Bon je pense que l’accès à des soins de qualité, avec son médecin traitant, dans les EHPAD, n’est pas acquis, qu’il faut à la fois défendre le point de vue des usagers et celui des médecins (les jeunes surtout, pour qu’ils aient envie de continuer d’y aller, et les plus jeunes – stagiaires - pour qu’ils aient une idée claire de ce qu’on y fait). Je ne sais pas par quel bout il faut prendre le problème, mais nous avons certainement une position originale (comme toujours...) à défendre sur la question.
Dominique Tavé :
Les réticences des médecins à signer ce contrat m’ont étonnée. Le constat que fait Martine est tout à fait vrai, la difficulté d’investissement quand on ne connaît pas les personnes, la communication avec le personnel soignant (plusieurs équipes avec souvent des intérimaires pour quelques jours), le logiciel « infernal », pas de lieu pour ausculter les personnes, la chronophagie, le nombre des médecins intervenant (30 dans l’AHPAD où j’interviens)... Personnellement, je soigne 4 personnes âgées (2 que je connaissais avant et 2 dont je connais quelqu’un de la famille), cela m’est pénible car j’ai le sentiment de ne pas travailler comme je le voudrais du fait des problèmes cités ci-dessus et par Martine, j’y reste rarement moins d’une heure même pour une consultation et compte 1h30 pour deux et, pour me décharger, j’avoue confier à l’interne en saspas une des quatre grand-mères dans la mesure du possible.

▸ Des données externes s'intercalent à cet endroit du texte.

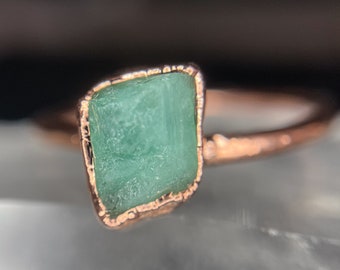 May include: A ring with a raw emerald gemstone set in a rose gold band.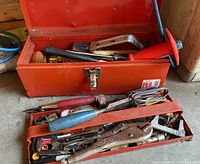 Open red metal toolbox with tray showing various hand tools inside including chisels, screwdrivers, hammer, pliers, tape, and clamps.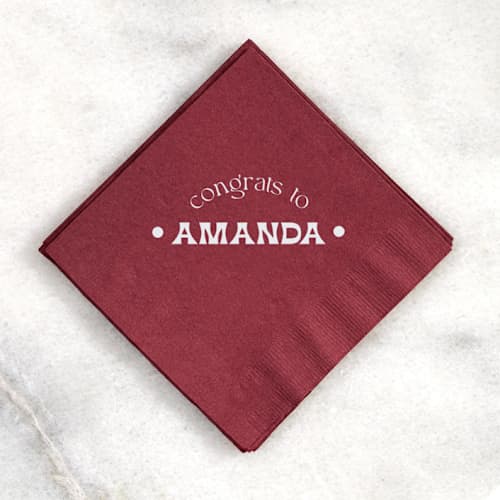 This is a red decorative paper napkins by ForYourParty called congrats to the graduate napkin, cocktail size, set of 50 in standard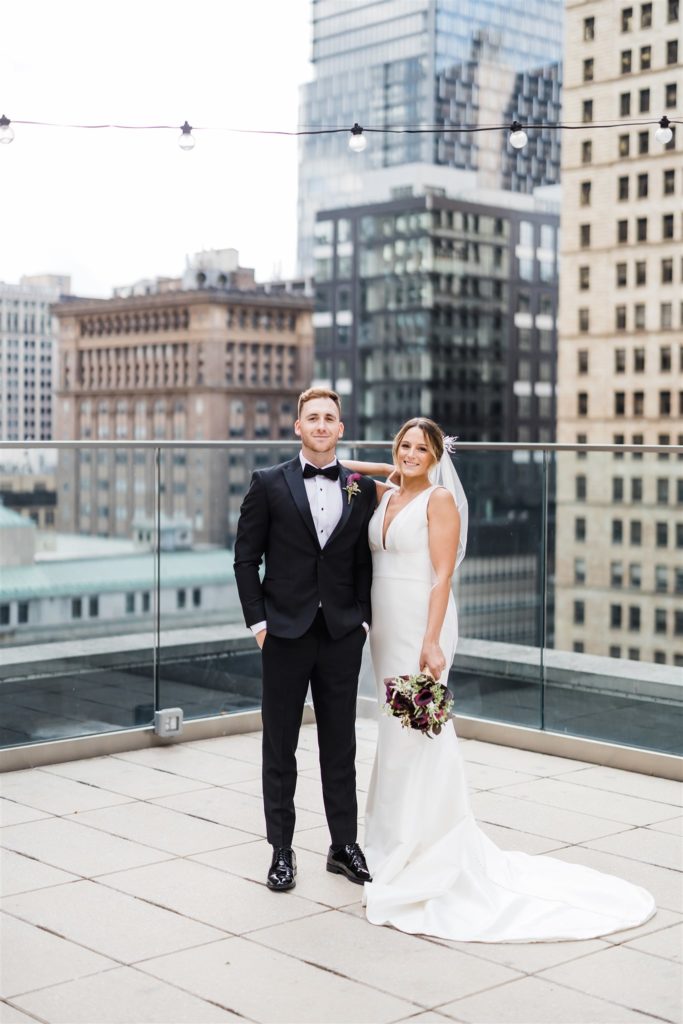 Bride and groom pose together on the rooftop of the Hotel Monaco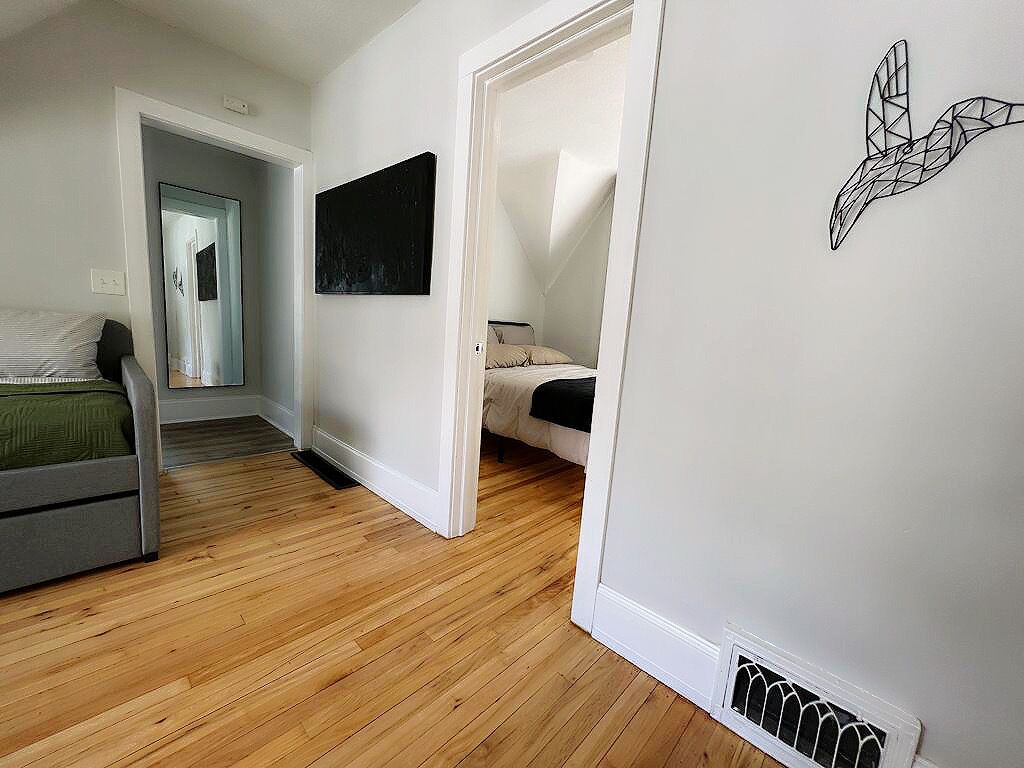 A room with a bed, a desk, and a chair. There is a door leading to another room.
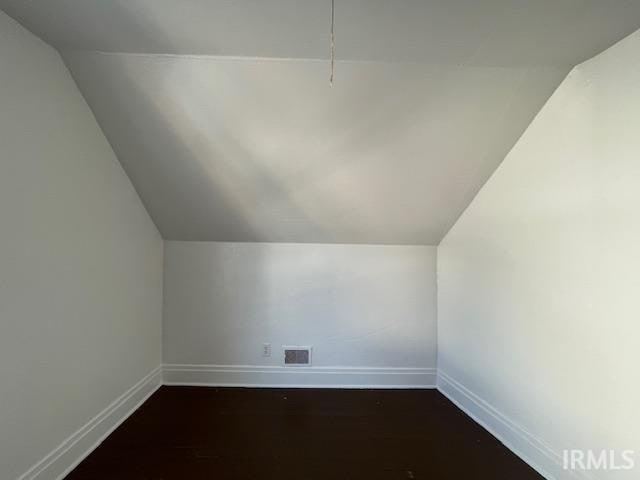 bonus room with vaulted ceiling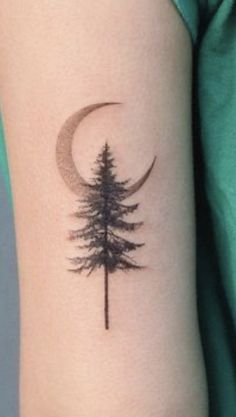 a pine tree with a crescent tattoo on the arm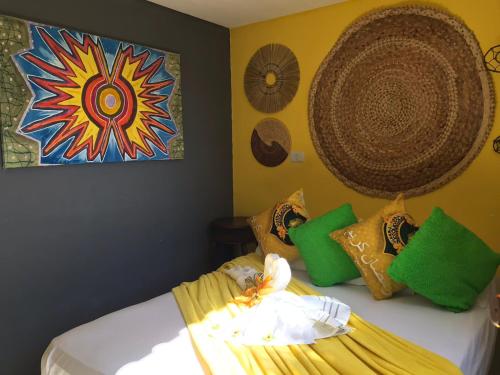 a bedroom with a bed with colorful pillows and a painting at Pousada Alto Astral in Olinda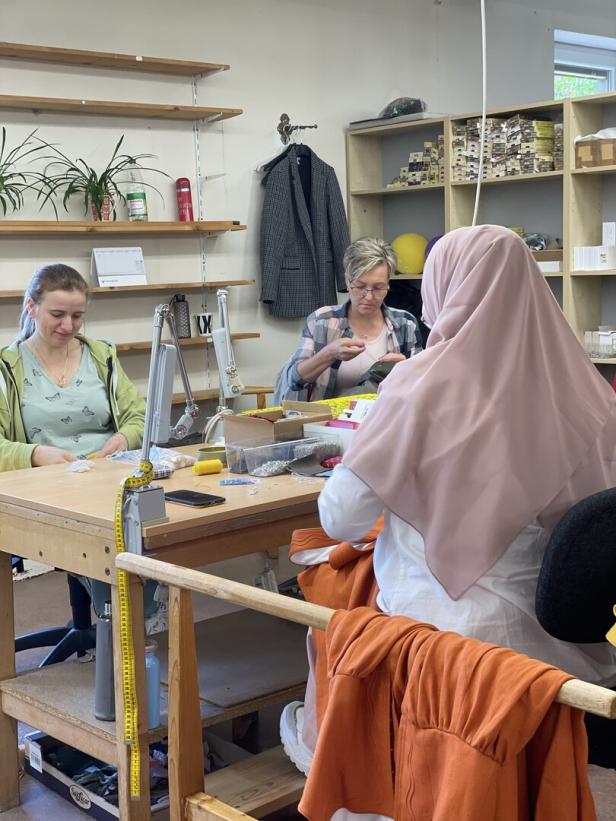 Drei Frauen sitzen an einem Tisch und arbeiten an Textilien.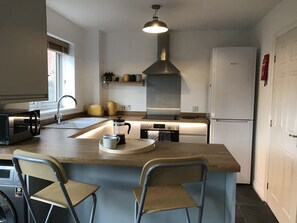 Eine moderne Küche mit einer zentralen Kochinsel, zwei Stühlen, einer Kaffeemaschine und einem Kühlschrank.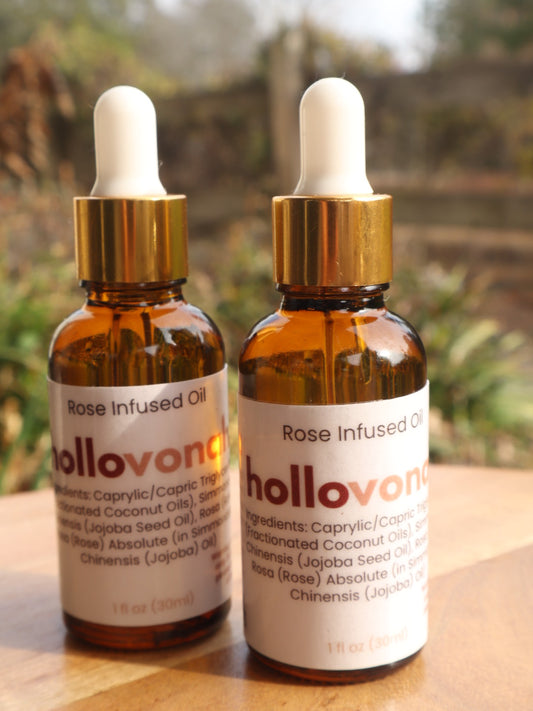 Two bottles of Holloway Rose Infused Oil on a wooden surface with a blurred natural background.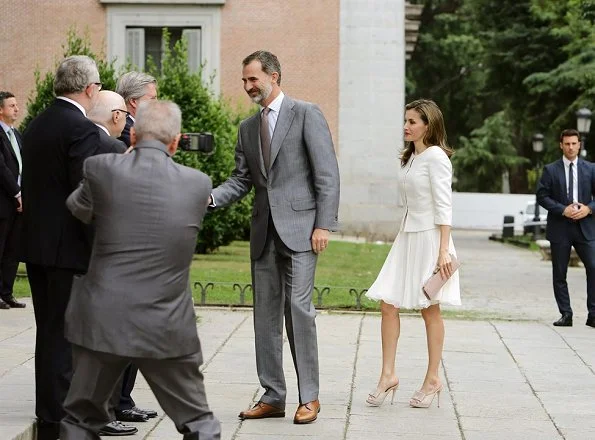 Queen Letizia wore BOSS HUGO BOSS Jeisana Textured Peplum Jacket. Felipe Varela clutch bag and Magrit sandals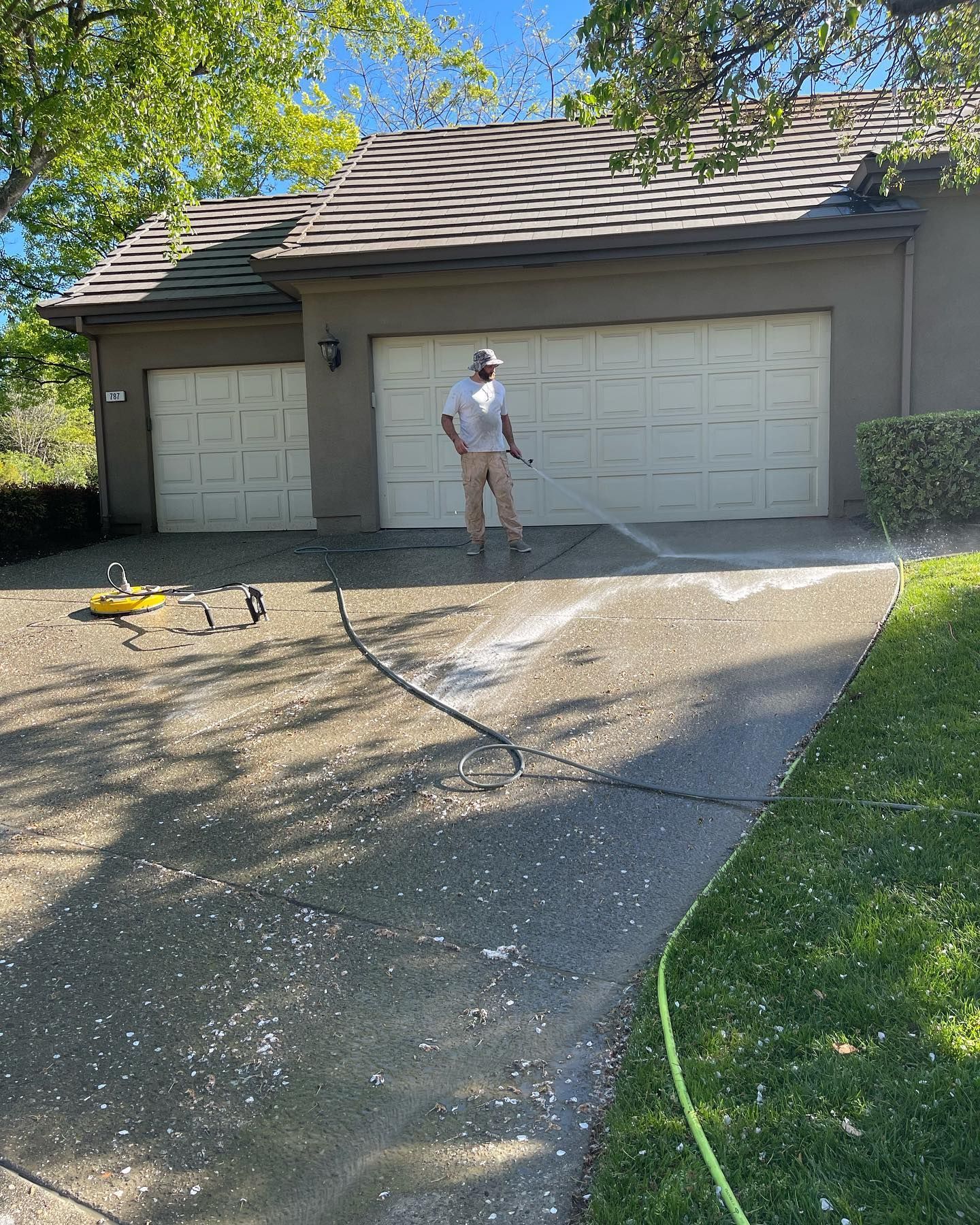 A man is standing in front of a garage with a hose.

Tout ceci me fait dire que pour l’intérêt des patients, il serait préférable d’avoir 2 ou 3 médecins (salariés de préférence) à mi-temps par exemple l’investissement, l’harmonisation des pratiques et l’organisation des soins seraient sûrement plus performantes et satisfaisantes.
Le CP de MGF sur ce sujet est à mon avis pathétique (il faut sauvegarder la médecine libérale en EHPAD), le libre choix des résidents est complètement illusoire (choisissent-ils les kiné, infirmières, psychologue, coiffeuse ....?). Revendiquons avant tout la qualité des soins que méritent ces personnes âgées ayant de très lourdes pathologies.
Martine Lalande :
Moi je trouve que ça va mieux dans « ma » maison de retraite depuis qu’il y a une médecin salariée qui assure bien, qui nous connaît et cherche à communiquer avec nous, mais il y a des gags quand même. Ex : une vieille dame (vietnamienne), que je ne connaissais pas avant mais que j’aimais bien et dont j’avais vu plusieurs fois les enfants qui s’occupaient beaucoup d’elle, a été hospitalisée à la fin de sa vie car ses enfants avaient craqué, la médecin de la maison de retraite m’a appelée pour me dire qu’elle était morte, j’ai pensé : c’est bien, elle a pu rester tranquille avec sa famille dans sa chambre pour mourir. J’ai appris ensuite quelle avait été hospitalisée dans l’hosto où je vais deux fois par semaine (au CIVG) et que j’aurais pu aller la voir, mais ils n’avaient pas pensé que ça pouvait être intéressant pour moi (la médecin et l’infirmière chef de la maison de retraite). Autre ex :une autre dame avait une arthrite de la main que je craignais infectieuse : j’avais demandé une num et dit de donner des antibiotiques juste après (j’avais eu l’expérience l’année dernière du même cas chez une autre dame, qui n’était pas ma patiente, mais le médecin (de ville, que je connais bien) était en vacances, on m’avait demandé mon avis, je n’avais pas trop cru à une infection et attendu le résultat de la num pour lui donner des AB, ça avait flambé, elle avait du être hospitalisée ensuite dans un tableau de septicémie...) et là pour ma patiente cette année, la médecin de la maison de retraite m’a rappelée pour me dire que j’avais raison car il y avait 15000 leuco, et donc qu’elle allait dire de commencer les AbB (3 jours après et non le jour où la num avait été faite) : elle s’était donc permis de décider de repousser mon traitement car elle n’y croyait pas...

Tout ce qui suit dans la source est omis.